Client Tip: If you are not familiar with Change Orders and their impact on the construction process and your budget, it is important to discuss it with your contractor. Take the time to review the estimate and learn where the money in your budget actually goes. Keep in mind, most contractors work with a small cushion to accommodate variances in labor and material costs in order to protect themselves and your budget as much as possible. That means changes can have a big impact on final cost, depending on what they are and when they come up in the process.
Let’s face it, the hurdles displayed on some of our favorite renovation shows are anti-climactic at best. Most of the time, they show an easy solution or alternative that doesn’t seem to affect the time of the project or the relationship between the contractor and the client. In reality, people don’t like getting bad news and hearing that their timeline or budget is being negatively impacted. In reality, contractors do now know what is behind a wall or under a floor until they pull the apart. They can make estimates and assumptions but surprises do happen and it’s important to be ready for them.
Client Tip: A remodel/renovation means that you are taking something that is pre-existing and hiring professionals to turn it into what you want. If a house was built in the 1950s and has been untouched, it may be settled with crooked walls and likely has old HVAC ducts. It’s a good idea to anticipate some revelations and possible complications while turning it into a modern, coastal cottage with great airflow and perfectly linear grouted wall tiles!
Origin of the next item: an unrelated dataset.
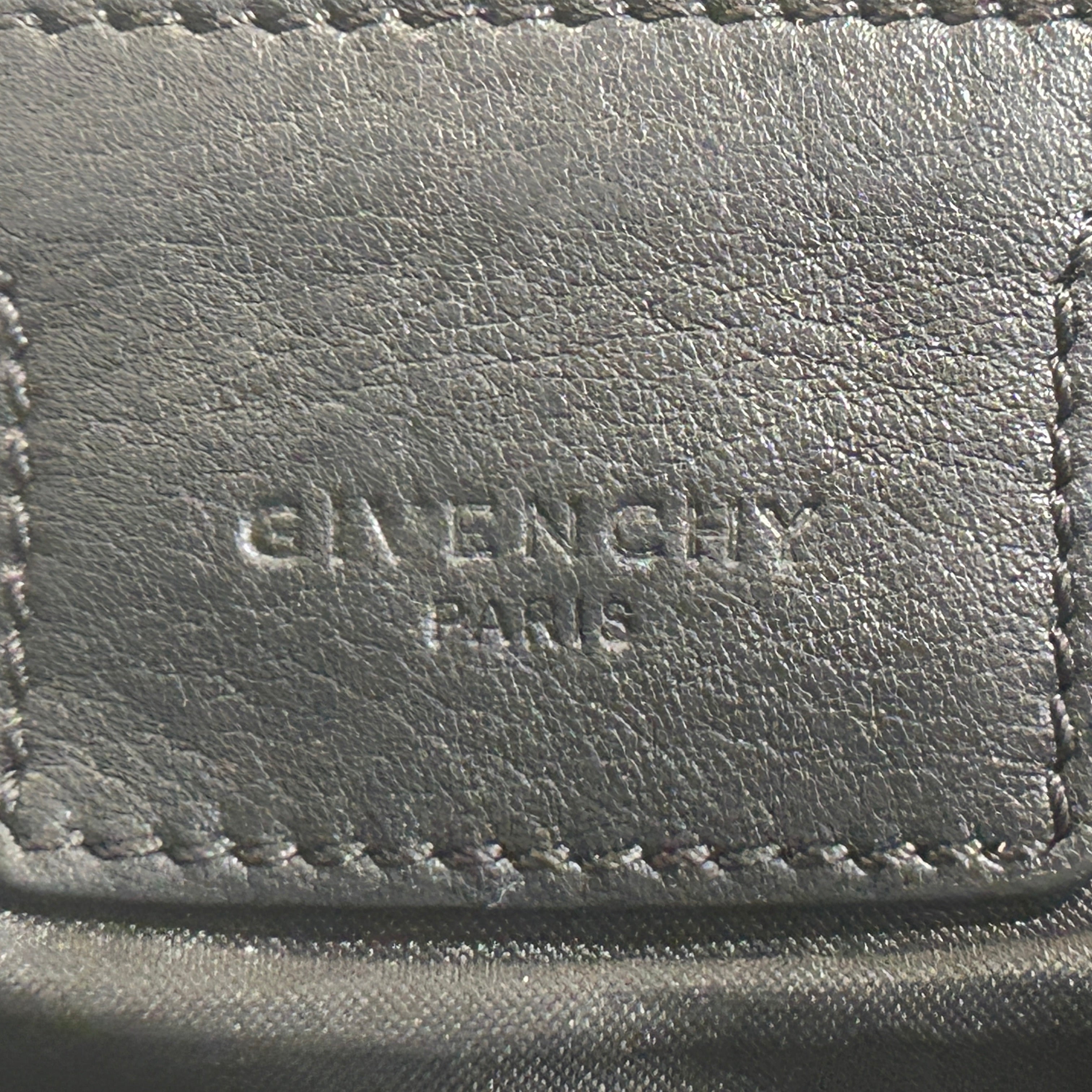 GIVENCHY/Backpack/Nylon/BLK/logo on front pocket view 4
Which leads us to our final point of comparison…
While these inspiring renovation shows are wildly entertaining, we must keep in mind that they are geared to do just that… ENTERTAIN. Often featured are the latest design trends, attractive hosts who appear to know it all, unreasonable clean job sites and the most stark before and after products. It may seem like the hosts are doing everything themselves, however, what goes unseen is the staff of professionals that contribute to the majority of the work in order to expedite the process. This can mislead viewers into thinking that they can DIY a remodel or that a renovation project is much simpler than it really is. The problem here is that it creates an unrealistic expectation from clients based on an unrealistic understanding of the renovation process.
If you enter a contractor-client relationship with the notion that you can do the job better, you are leaving little room for trust and creating more room for disappointment resulting from an unrealistic expectation of what the renovation process requires. A good general contractor sees the “before” and shares your goal of achieving your “after” vision, by taking your budget and applying it to the various phases of the process (permitting, demo, engineering, design, systems, finishes, overhead) and doing so within the most realistic timeline and quality for budget.
Client Tip: The best thing you can do is to hire a professional who is willing to educate you and work with you through the entirety of your remodel in a way that sheds light on the truth of the craft of a renovation beyond reality TV entertainment.